久しぶりに再読。表題作は初めて読んだ当時、若いなあ、青いなあと思って読んだのだが、改めて読み返してみると中々良い。これは映画化もされていて、主人公を演じた本間優二というあまり有名ではない役者が好演していた。ラストが小説とは改変されていてそこが逆に良かった記憶がある。この小説の弱点はラストにあると思っているので。映画も観ることが出来ればもう一度観てみたい。

2012/03/23

Vakira

いたいた。ここでラスコーリニコフに出会う。19歳である。上京、浪人して予備校生。生活のための住み込みの新聞配達をしている。そこは30歳の男と共同部屋、汗と精液、新聞、雑誌と混合した臭いの部屋。隣のアパートからは夫婦喧嘩と子供の泣く声が聞こえる。普通に予備校に行ける奴らを妬む。勉強ができる奴らを妬む。大学に行ってどうなる?卒業したら官僚か?普通にサラリーマン?未来に希望はない。趣味は制裁。のほほんと普通に生きてる奴らに制裁をくわえてやる。列車爆破の悪戯電話。シャクな金持ちども~♪みんな~♪黒く塗りつぶせ~♪

2023/06/08

メタボン

☆☆☆☆☆ 中上健次初読。その粘っこく力のある文体に強く惹き込まれた。
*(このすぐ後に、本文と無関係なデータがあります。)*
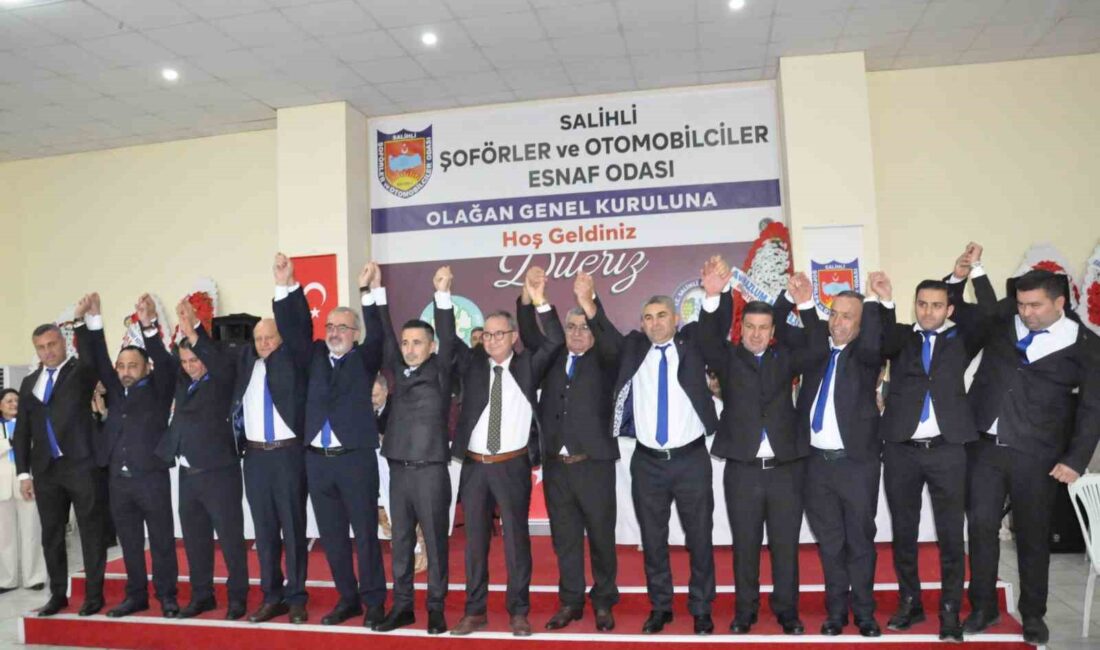 Manisa’nın Salihli ilçesindeki Şoförler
路地、底辺の生活者、日本における朝鮮人と言った、「覗いてみたい」「怖いものみたさ」の世界を、中上があぶりだしている。うまく言えないが、現実の自分では縁のないものと思っている世界に出会わせてくれ、それが「生」を強く意識させる。これが文学の力だ。新聞の配達先の地図に×をつけ攻撃的な電話をする、表題作の破壊力がすごい。血の濃さといったものを感じさせる「蝸牛」「補陀落」。そして、あったりまえに輪三郎はぼうぼう燃える「一番はじめの出来事」。

2017/04/02

Y2K☮

解説書いてるT氏の授業を取っていた。中上を頻りに賛美して大江健三郎の思想を延々擁護するのにげんなりし、ずっと中上健次を遠ざけていた。読友さんの勧めで初読。私小説かと思わせる緊迫感と生々しい体液の臭い。且つ男らしさを売りにする(あえて云うなら)初期の村上春樹的なあざとさとは無縁。むしろデカダンな肉体労働生活の裏に秘した繊細で臆病な素顔を曝け出す。人間の正体はこんなもので男の男らしさも女の女らしさも仮面に過ぎぬ。庶民にとっての真実に満ちた、綺麗事が通用しない絶体絶命の文学。あの時のT氏の賞賛が少し腑に落ちた。

2015/08/29

スミス市松

これまでどうしても中上健次を読み通すことができなかったのだが、なぜか今になって箍が外れたように一気呵成に読んでいった。久々に食い入った。か細い一行一行が巨木のように感じられ、自分の方へ倒れるように迫ってきた。たぶん、破かれたのだと思う。破かれた先の向こう側には、光と風と草の匂いに満ちた場所があり、遠くから海の音が聞こえてくる。その破かれたなかへ、分け入っていく人間たちがいる。己が時間を誰の手にも明け渡さず、追い立てる一切のものから逃がれようとする。何者でもあるまいとする彼らのその力だけが、私の心を破いた。